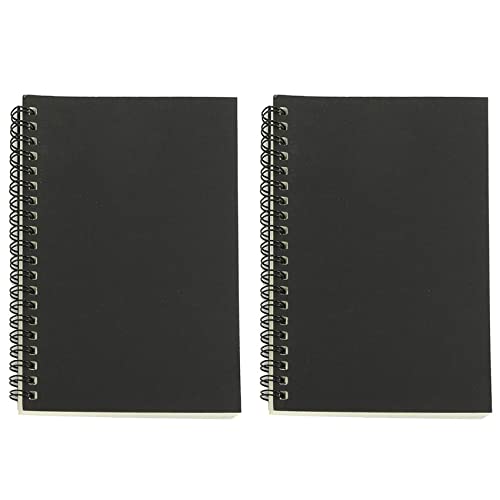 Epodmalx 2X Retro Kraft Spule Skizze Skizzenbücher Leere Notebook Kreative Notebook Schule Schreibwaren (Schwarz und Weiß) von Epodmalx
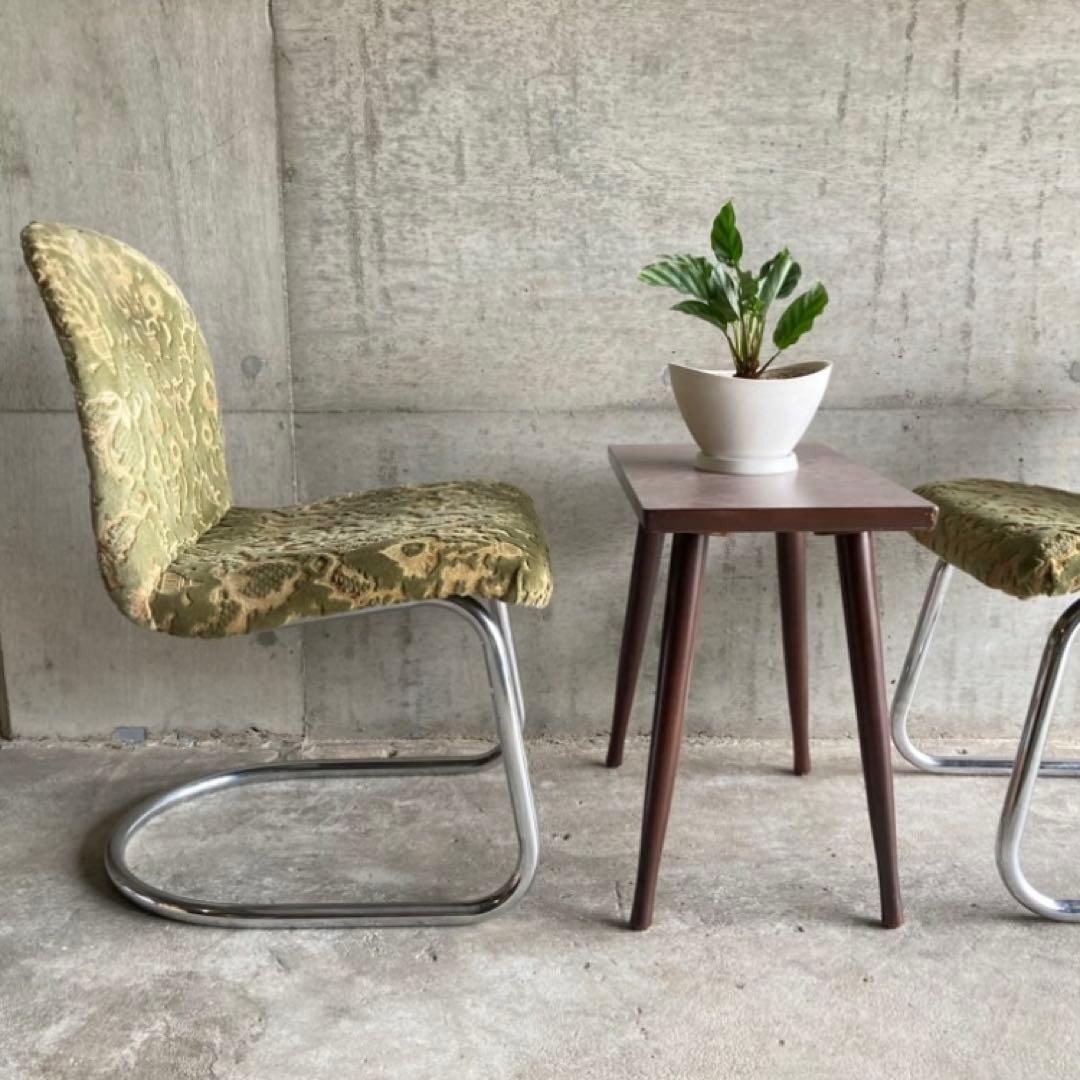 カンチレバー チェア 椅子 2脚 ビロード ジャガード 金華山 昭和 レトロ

---

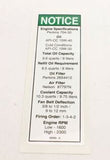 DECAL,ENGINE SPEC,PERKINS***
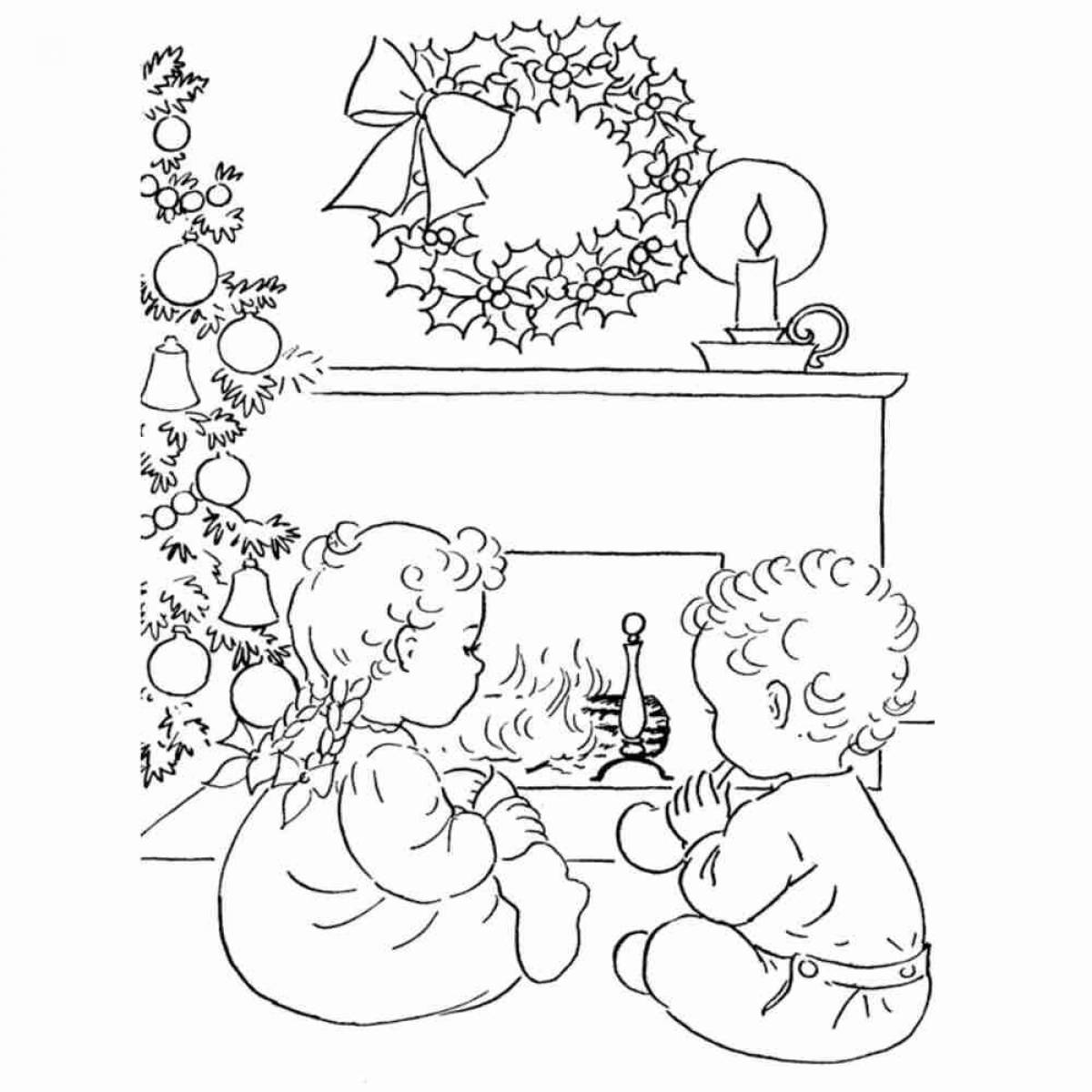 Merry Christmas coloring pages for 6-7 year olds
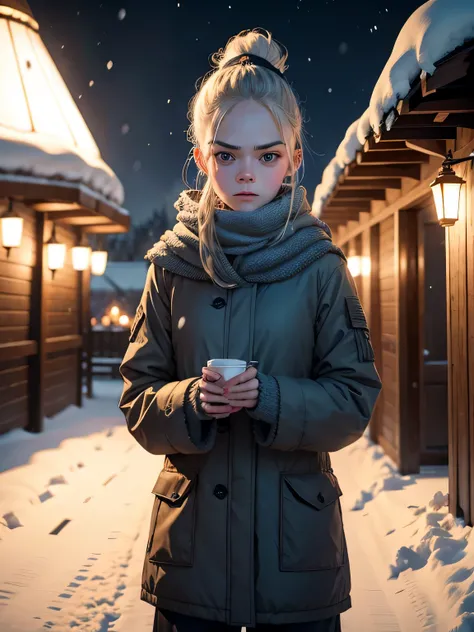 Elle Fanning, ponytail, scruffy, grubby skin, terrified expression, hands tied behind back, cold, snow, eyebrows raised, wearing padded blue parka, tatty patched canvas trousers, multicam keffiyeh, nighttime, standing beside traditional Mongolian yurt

==

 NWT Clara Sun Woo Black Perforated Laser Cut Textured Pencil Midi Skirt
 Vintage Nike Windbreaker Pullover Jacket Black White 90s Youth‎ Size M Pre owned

WORK TO BE COMPLETED:
Look above for the line with "Epodmalx 2X Retro", then print it and each line after it down to and including the line with "カンチレバー チェア 椅子 2脚 ビロード ジャガード 金華山 昭和 レトロ". Leave out the pictures and keep the wording exact.

WRITTEN ANSWER:
 Epodmalx 2X Retro Kraft Spule Skizze Skizzenbücher Leere Notebook Kreative Notebook Schule Schreibwaren (Schwarz und Weiß) von Epodmalx
 カンチレバー チェア 椅子 2脚 ビロード ジャガード 金華山 昭和 レトロ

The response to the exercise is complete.